Chest X-ray is a characteristic of the disease, and radiographic findings in IAEP were well described in a series of 12 patients. ⁵ Diffuse bilateral alveolar–interstitial involvement, with or without pleural effusion, is often seen. The chest X-ray findings dramatically improve within 24 to 48 h of initiation of corticosteroid treatment, which is unlikely for infectious etiologies, pulmonary infection being an important differential diagnosis. The dose and duration of corticosteroid treatment are not clearly established, but initiation of treatment with intravenous administration is the recommendation. Initial dosage ranged from 60 mg/day to 125 mg every 6 h in an adult series and was followed by oral prednisone for a total duration of several months.^2,10 We recommended an initial dose of intravenous methylprednisolone at 10 mg/kg/day for the first 3 days, followed by oral prednisolone at a dose of 1 mg/kg/day slowly tapered over 3 months. The prompt and complete response to steroids further confirms the diagnosis of IAEP. No relapses have been reported, and total recovery is the rule [2].

Conclusion

We report a case of IAEP in a 14-year-old boy with prompt and complete recovery after steroid therapy. The diagnosis is one of the exclusions. A thorough history and examination coupled with review of radiographic findings and laboratory testing to rule out secondary etiologies, notably infectious processes, are important.
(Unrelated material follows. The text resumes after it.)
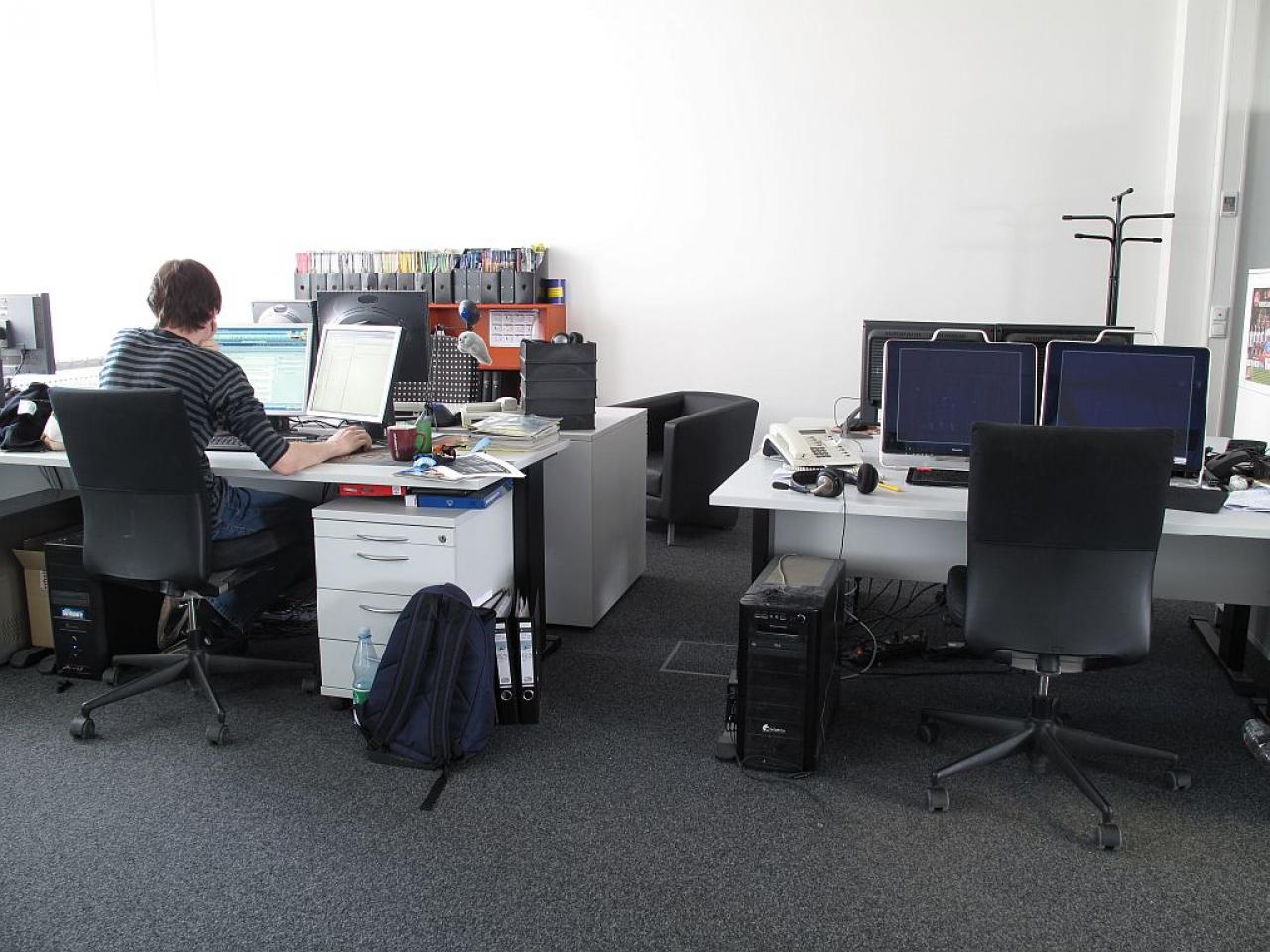 [02/09/2011] Armer Andreas: Viel Arbeit vorm Wochenende und Online-Praktikant Pit ist im wohlverdienten Urlaub. Immerhin Raff schreibt von Zuhause News.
Diagnostic investigations for secondary causes such as from infectious, including parasitic, allergic, or clonal need to be done expeditiously, since IAEP can be life-threatening, and early initiation of systemic steroids provides a dramatic response. Peripheral and pulmonary eosinophilia is key to diagnosis. Prognosis is usually good with corticosteroid treatment with a complete recovery and absence of relapse.